Eliminate the two 15-inch 2 X 4 that stick outwards to the front and back (parallel to the horizontal pole) so that each base would be only three pieces of 2 X 4, not four pieces.

Put a 1 X 12 base stretcher on the bottom with keyholes so that the verticals pass through it. then glue and screw the base stretcher to the edges of the 2 X 4 that make up the base. (then possibly brace the vertical posts to the stretcher base).

Any other thoughts on this?

Thanks in advance.


----------



## Dave Paine (May 30, 2012)

Wood4Brains said:


> *Regarding PVC:*
> 
> We have a lot of _wall-mounted_ clothing racks that use 1-1/4 wood dowel (I think it is often referred to as closet pole).
> 
> ...


The lumberjocks design does not have much to resist racking (side to side movement).

Wood can flex a great deal before it breaks.

A little bowing in the dowel should not impact the rigidity assuming the horizontal dowel is somehow affixed to the verticals.

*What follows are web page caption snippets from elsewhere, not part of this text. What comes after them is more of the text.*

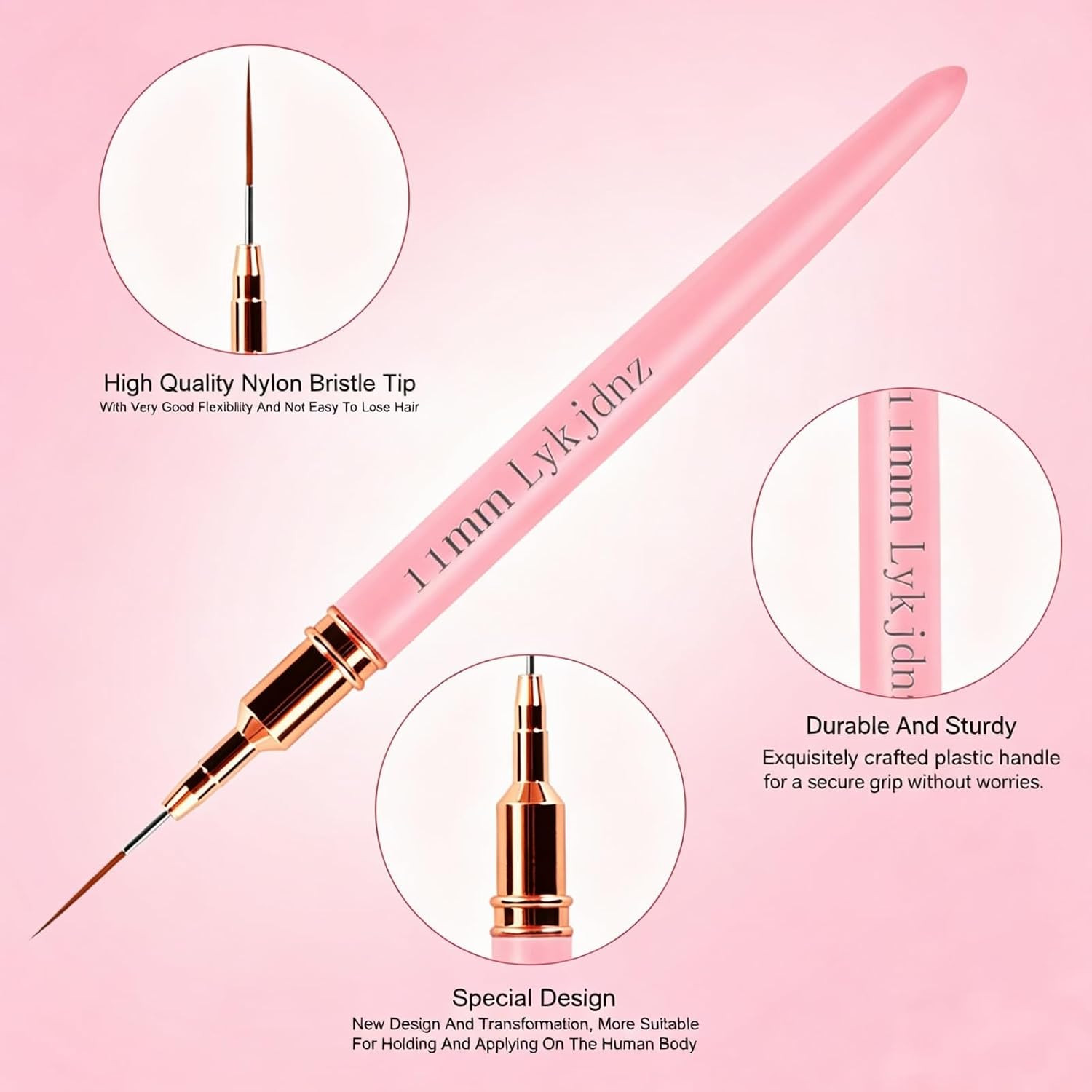 5 Pcs Nail Art Liner Brushes, Multi Size UV Gel Detail Painting Brushes | 7/9/11
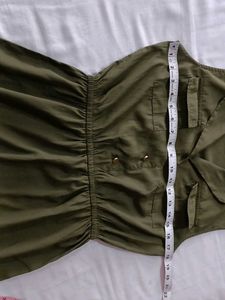 Olive Green Dress with Pockets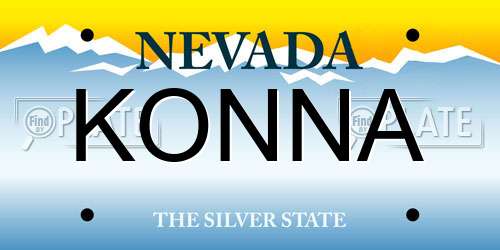 KONNA Nevada License Plate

I think the lumberjocks design joins the verticals to the feet either by M&T joint or by dowels. Both can work.


----------



## Dave Paine (May 30, 2012)

Wood4Brains said:


> Ok, here's another idea, that seems simple:
> 
> Firstly, I HATE the base, and I HATE the red paint color. She also used 2 X 4, but I would rather not go bigger than 2 X 3, but the concept is ok:
> 
> ...


I love to see when people independently come up with the same solution. :thumbsup:

I made some stands for mounting poles for horse jumping. I came up with the same solution. I lag bolted 2x4 to a 4x4 upright, similar to your wife's design, she just used 2x4 for the upright which should be fine for your purpose. The legs added stability in all directions, but they posts were a pain to move, too easy to knock into one of the legs.

The design is not pretty - but it is functional.

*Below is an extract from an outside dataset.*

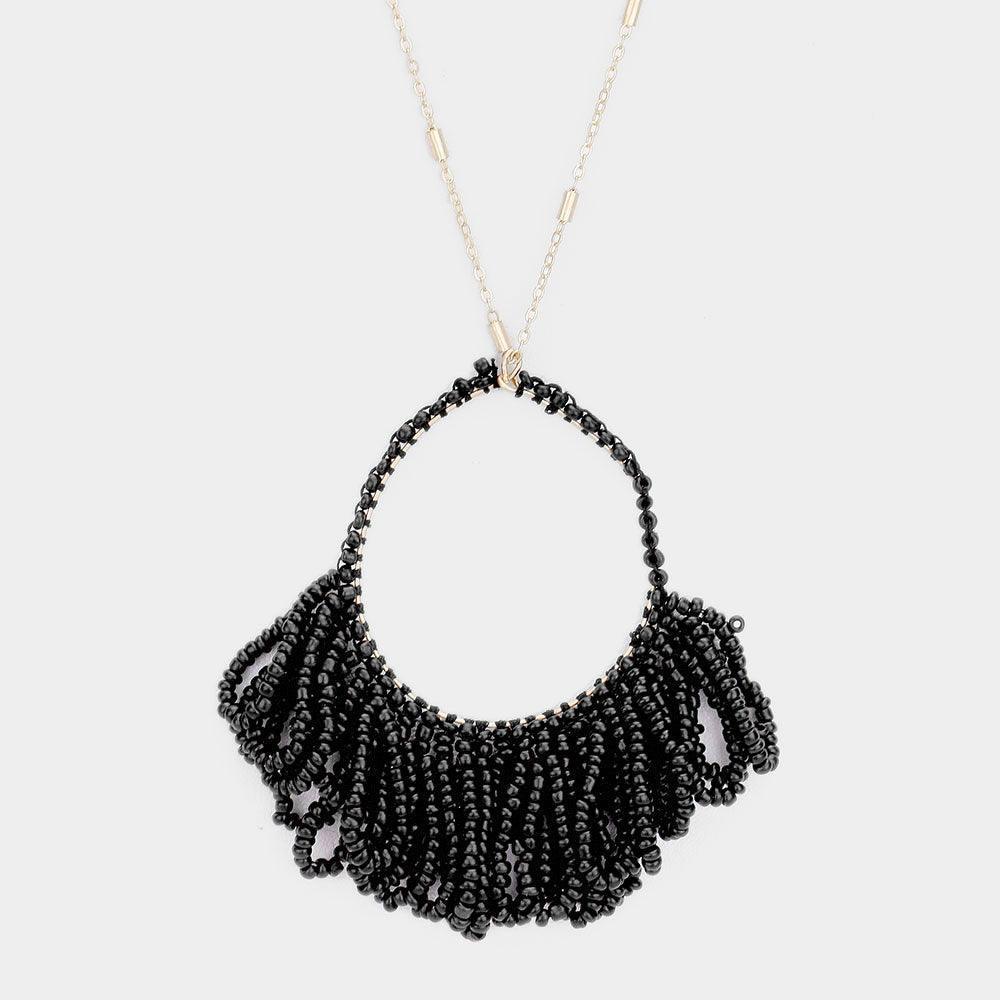 Gold Bead Cluster Decor Long Necklace - Jewelry Store by Erik Rayo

I agree that the red paint let's just say, would not be my choice. 

If you are willing to use a stretcher on the bottom, make it go end to end and be the horizontal legs and stretcher. Screw to the uprights. Taper for the legs if you want to make it look better.

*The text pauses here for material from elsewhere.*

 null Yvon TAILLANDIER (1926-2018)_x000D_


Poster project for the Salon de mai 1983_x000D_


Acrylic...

For the front to back support, you can cut 1x4 stock at an angle and make a brace design. This moves the suport point a little higher, which may help.

Lots of options.

There is always the bucket filled with concrete and insert the upright. Can be very rigid, also very heavy to move. :icon_smile:


----------



## Wood4Brains (Jul 25, 2012)

Hi there, Dave:

Again, thanks so much for the help!!! :smile:

I am having a little bit of a problem imagining the base / legs as you suggested, and I hope you wouldn't mind clarifying / exemplifying for me:



> If you are willing to use a stretcher on the bottom, make it go end to end *and be the horizontal legs* and stretcher. *Screw to the uprights*. Taper for the legs if you want to make it look better.


1) When you say, "and be the horizontal legs" Do you mean that the stretcher (a 1 X 12 X 60 inch board) would rest face flush _against the ground_? (As opposed to being on top of 2 X 4 that are on edge, similar to the red rack in the picture?)

2) When you say "screw to the uprights," What would the bottom of the uprights screw into?

again, I thank you in advance and I apologize for my ignorance and lack of ability to visualize. I realize that if I knew all the terminology, you could just use clear terms and I would understand it. So I thank you that you again are taking the trouble to say everything in layman's terms while I play catchup on the proper terminology.


----------



## Dave Paine (May 30, 2012)

Wood4Brains said:


> Hi there, Dave:
> 
> Again, thanks so much for the help!!! :smile:
> 
> ...



The 1x12 board can be placed on its edge and run from left to right to be both the outriggers and the stretcher between the verticals as a contiguous board.

The 1x12 would be screwed into the side of the vertical. Very strong.

In this sketch I am showing a taper to cut down on the weight and perhaps look better.


----------



## Wood4Brains (Jul 25, 2012)

Ok, thanks. I think I got it.

The 1 X 12 would lie on edge and run parallel to the pole for hanging clothes, right? (I can see how that would add rigidity to the verticals).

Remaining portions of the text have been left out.